ASSIGNMENT:
Exclude the pictures and transcribe the rest of the data below exactly.

====== GIVEN RECORDS

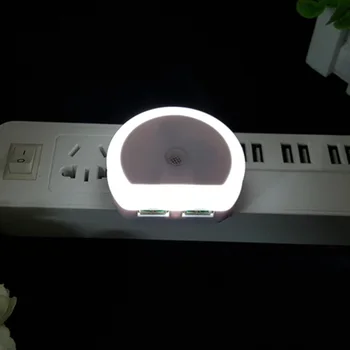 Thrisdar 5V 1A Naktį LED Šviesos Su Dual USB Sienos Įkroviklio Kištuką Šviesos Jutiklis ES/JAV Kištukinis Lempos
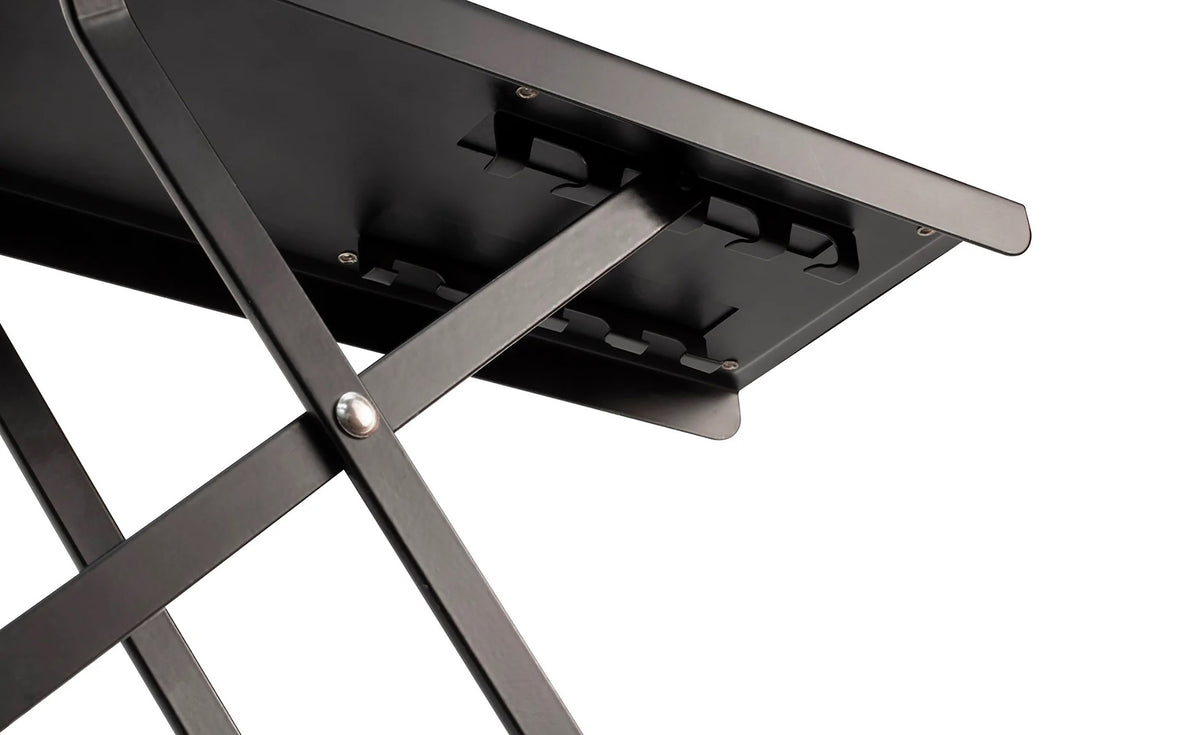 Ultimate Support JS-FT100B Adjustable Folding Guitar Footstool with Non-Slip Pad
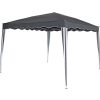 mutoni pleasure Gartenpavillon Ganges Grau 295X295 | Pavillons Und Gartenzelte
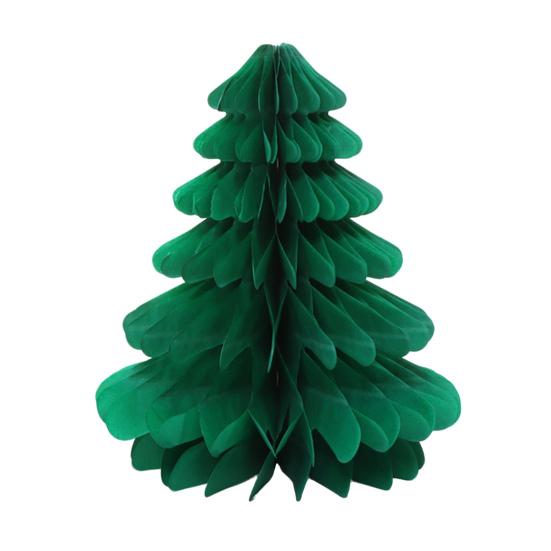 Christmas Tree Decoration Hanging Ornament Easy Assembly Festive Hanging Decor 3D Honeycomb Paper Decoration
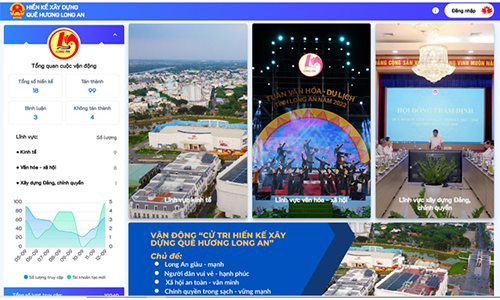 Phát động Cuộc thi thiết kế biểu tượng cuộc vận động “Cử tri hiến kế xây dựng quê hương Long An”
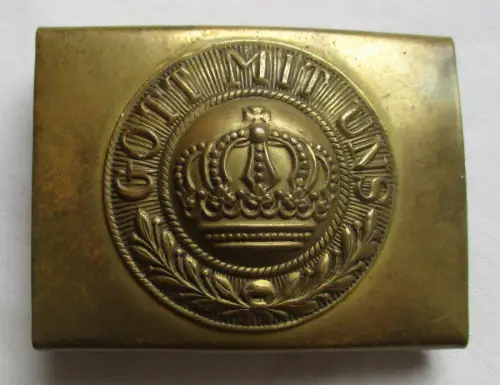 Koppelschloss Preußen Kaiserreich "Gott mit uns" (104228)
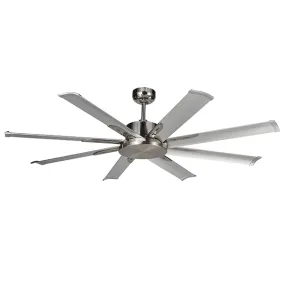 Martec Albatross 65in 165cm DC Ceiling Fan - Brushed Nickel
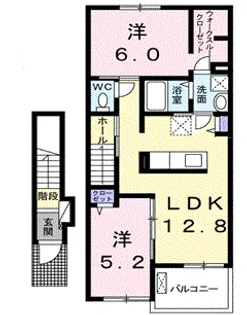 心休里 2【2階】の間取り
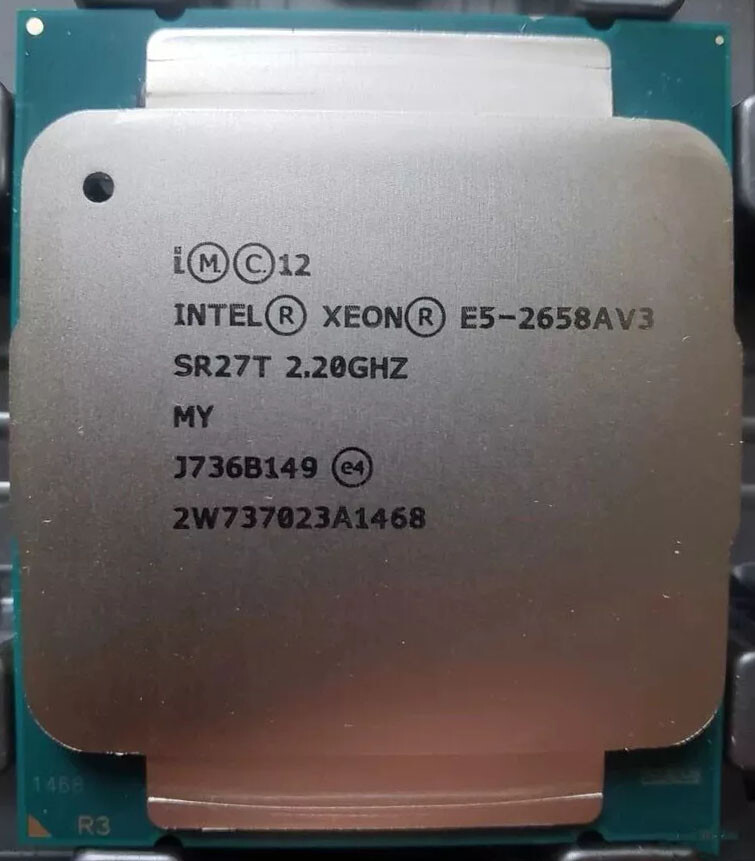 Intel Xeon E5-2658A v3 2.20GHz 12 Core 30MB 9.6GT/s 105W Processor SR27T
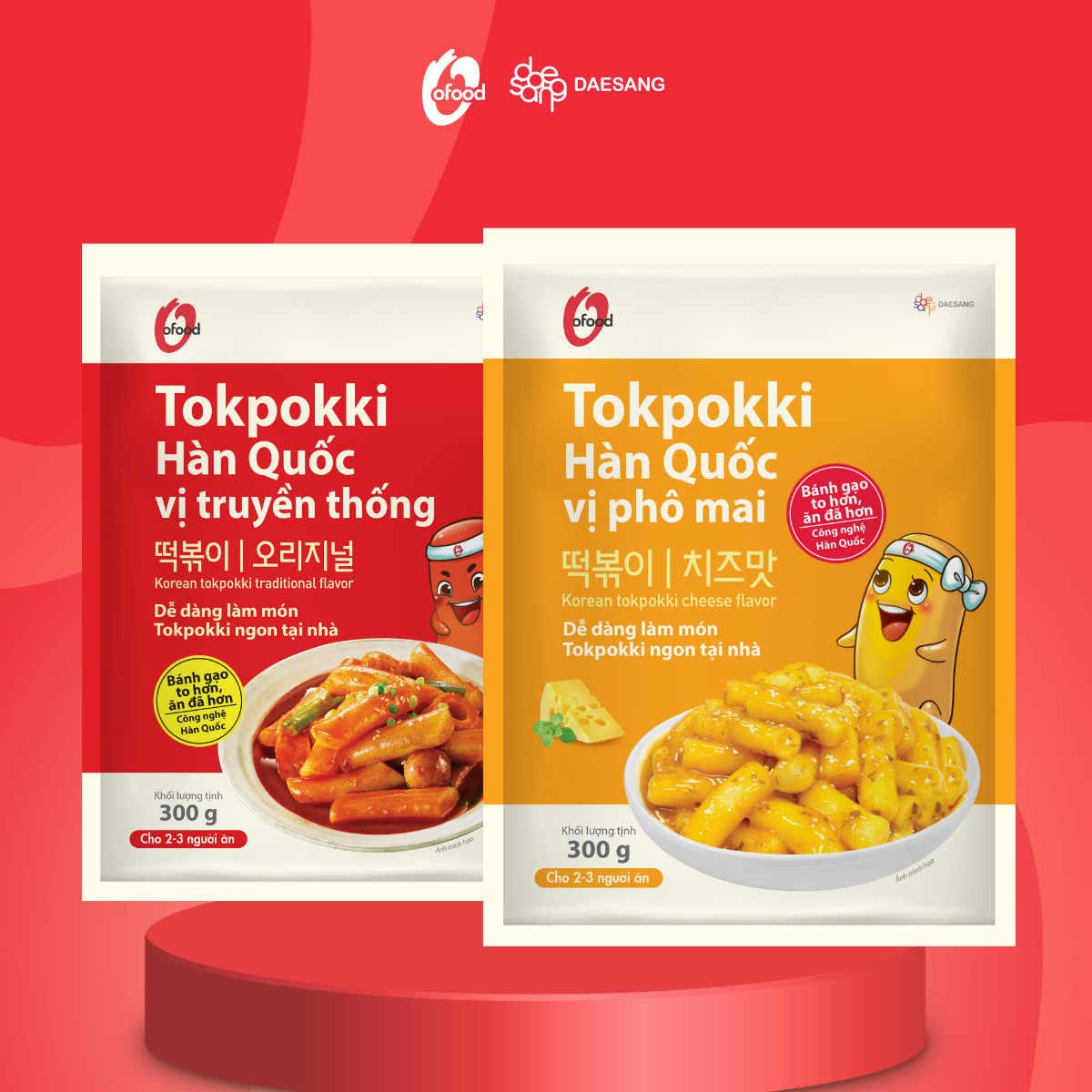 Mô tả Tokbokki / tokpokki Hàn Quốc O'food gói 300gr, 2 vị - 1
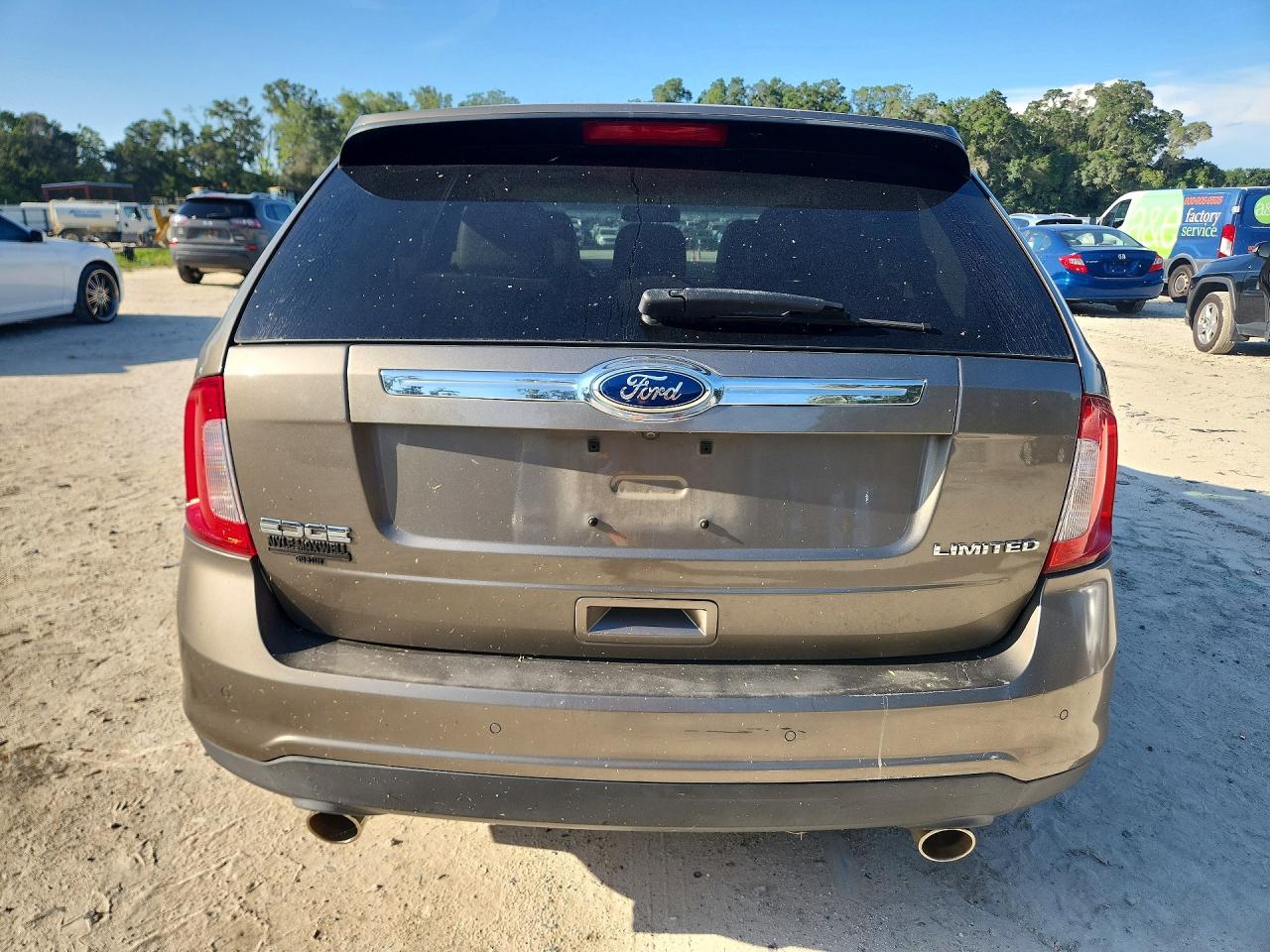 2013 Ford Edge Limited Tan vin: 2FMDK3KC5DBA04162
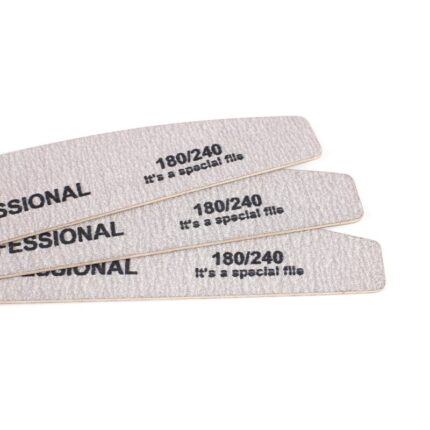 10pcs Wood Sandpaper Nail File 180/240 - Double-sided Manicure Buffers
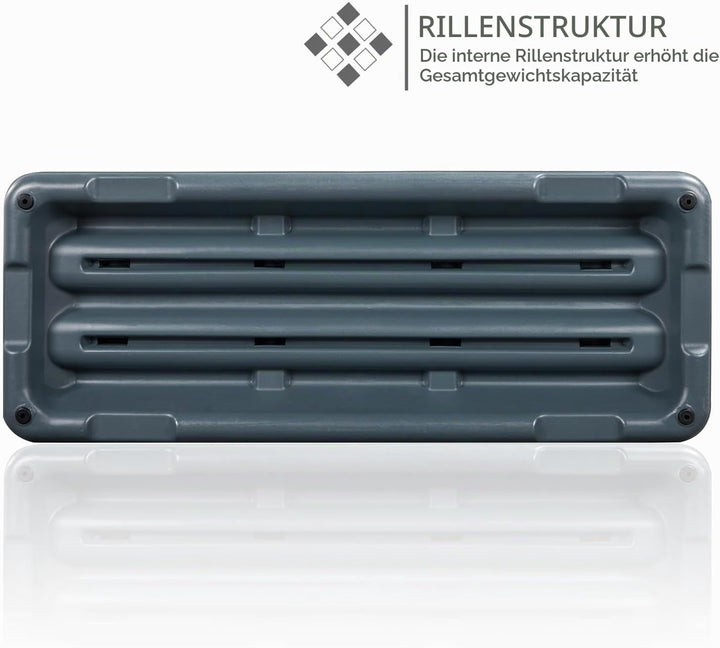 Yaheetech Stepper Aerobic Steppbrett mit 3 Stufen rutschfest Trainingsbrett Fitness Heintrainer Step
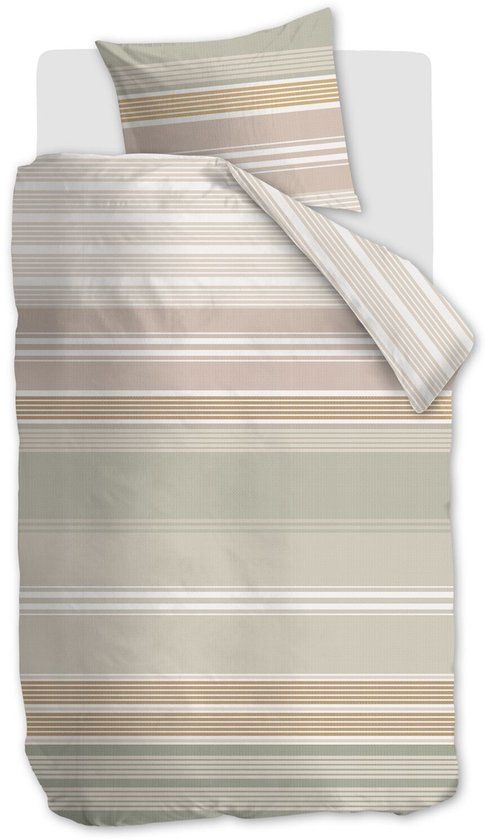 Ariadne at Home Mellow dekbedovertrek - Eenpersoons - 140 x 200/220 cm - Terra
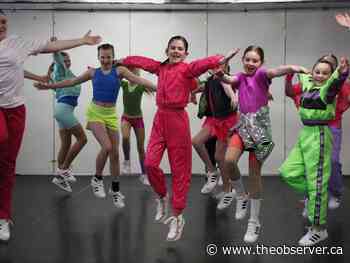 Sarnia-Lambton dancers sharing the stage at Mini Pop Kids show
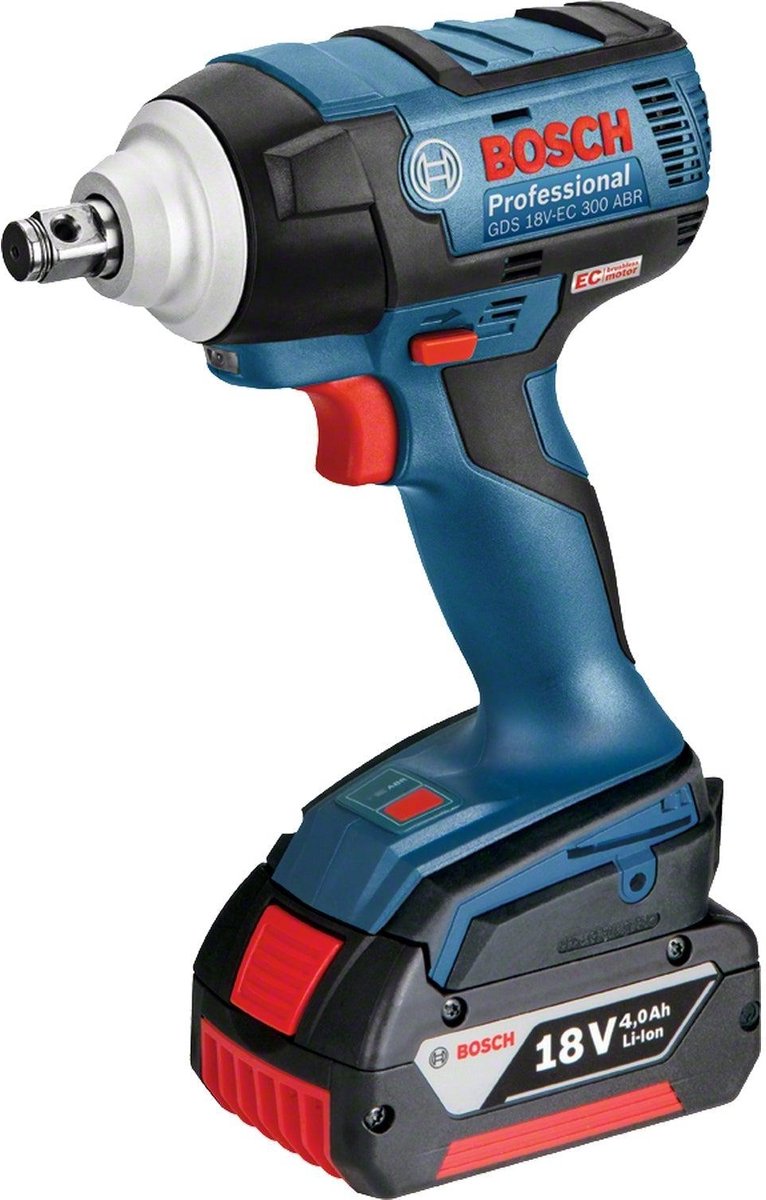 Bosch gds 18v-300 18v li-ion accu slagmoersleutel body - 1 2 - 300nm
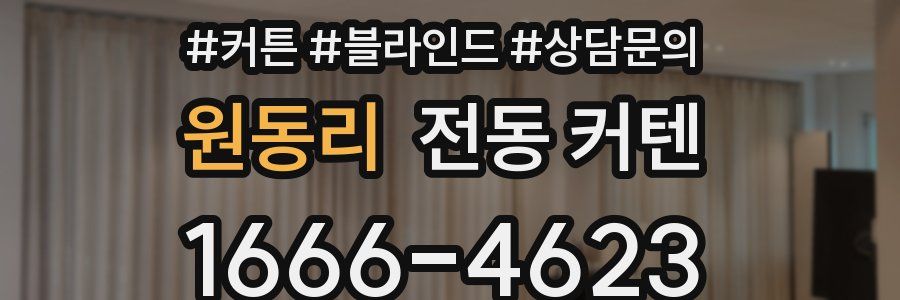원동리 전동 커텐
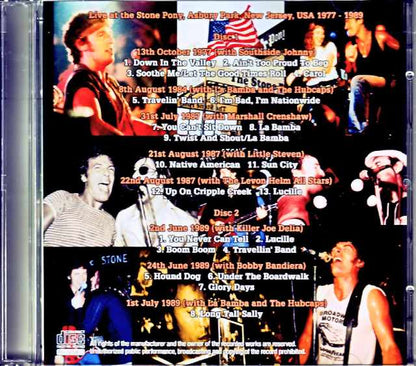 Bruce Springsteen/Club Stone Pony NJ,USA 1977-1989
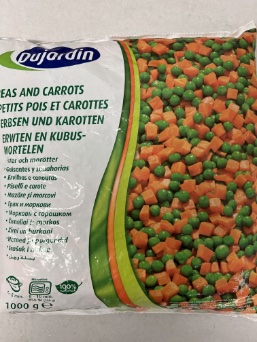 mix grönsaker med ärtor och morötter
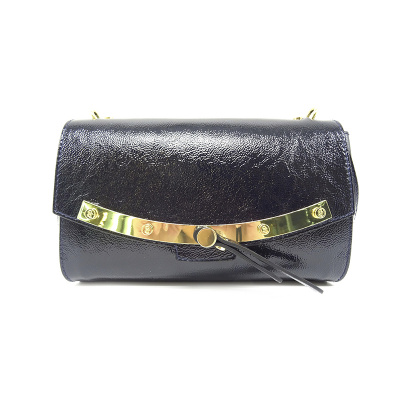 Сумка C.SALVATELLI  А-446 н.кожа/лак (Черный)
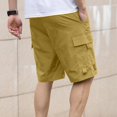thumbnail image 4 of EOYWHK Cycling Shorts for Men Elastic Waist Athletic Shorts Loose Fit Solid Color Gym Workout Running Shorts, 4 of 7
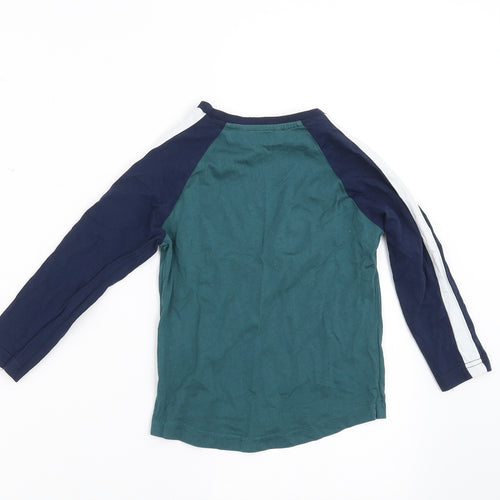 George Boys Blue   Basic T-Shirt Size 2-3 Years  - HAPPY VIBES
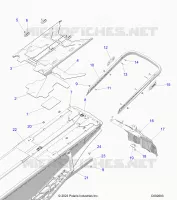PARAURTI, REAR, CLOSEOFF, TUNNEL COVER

============

ANSWER TO THIS EXERCISE:
 Thrisdar 5V 1A Naktį LED Šviesos Su Dual USB Sienos Įkroviklio Kištuką Šviesos Jutiklis ES/JAV Kištukinis Lempos
 Ultimate Support JS-FT100B Adjustable Folding Guitar Footstool with Non-Slip Pad
 mutoni pleasure Gartenpavillon Ganges Grau 295X295 | Pavillons Und Gartenzelte
 Christmas Tree Decoration Hanging Ornament Easy Assembly Festive Hanging Decor 3D Honeycomb Paper Decoration
 Phát động Cuộc thi thiết kế biểu tượng cuộc vận động “Cử tri hiến kế xây dựng quê hương Long An”
 Koppelschloss Preußen Kaiserreich "Gott mit uns" (104228)
 Martec Albatross 65in 165cm DC Ceiling Fan - Brushed Nickel
 心休里 2【2階】の間取り
 Intel Xeon E5-2658A v3 2.20GHz 12 Core 30MB 9.6GT/s 105W Processor SR27T
 Mô tả Tokbokki / tokpokki Hàn Quốc O'food gói 300gr, 2 vị - 1
 2013 Ford Edge Limited Tan vin: 2FMDK3KC5DBA04162
 10pcs Wood Sandpaper Nail File 180/240 - Double-sided Manicure Buffers
 Yaheetech Stepper Aerobic Steppbrett mit 3 Stufen rutschfest Trainingsbrett Fitness Heintrainer Step
 Ariadne at Home Mellow dekbedovertrek - Eenpersoons - 140 x 200/220 cm - Terra
 Sarnia-Lambton dancers sharing the stage at Mini Pop Kids show
 Bosch gds 18v-300 18v li-ion accu slagmoersleutel body - 1 2 - 300nm
원동리 전동 커텐
 Bruce Springsteen/Club Stone Pony NJ,USA 1977-1989
 mix grönsaker med ärtor och morötter
 Сумка C.SALVATELLI  А-446 н.кожа/лак (Черный)
thumbnail image 4 of EOYWHK Cycling Shorts for Men Elastic Waist Athletic Shorts Loose Fit Solid Color Gym Workout Running Shorts, 4 of 7
 George Boys Blue   Basic T-Shirt Size 2-3 Years  - HAPPY VIBES
PARAURTI, REAR, CLOSEOFF, TUNNEL COVER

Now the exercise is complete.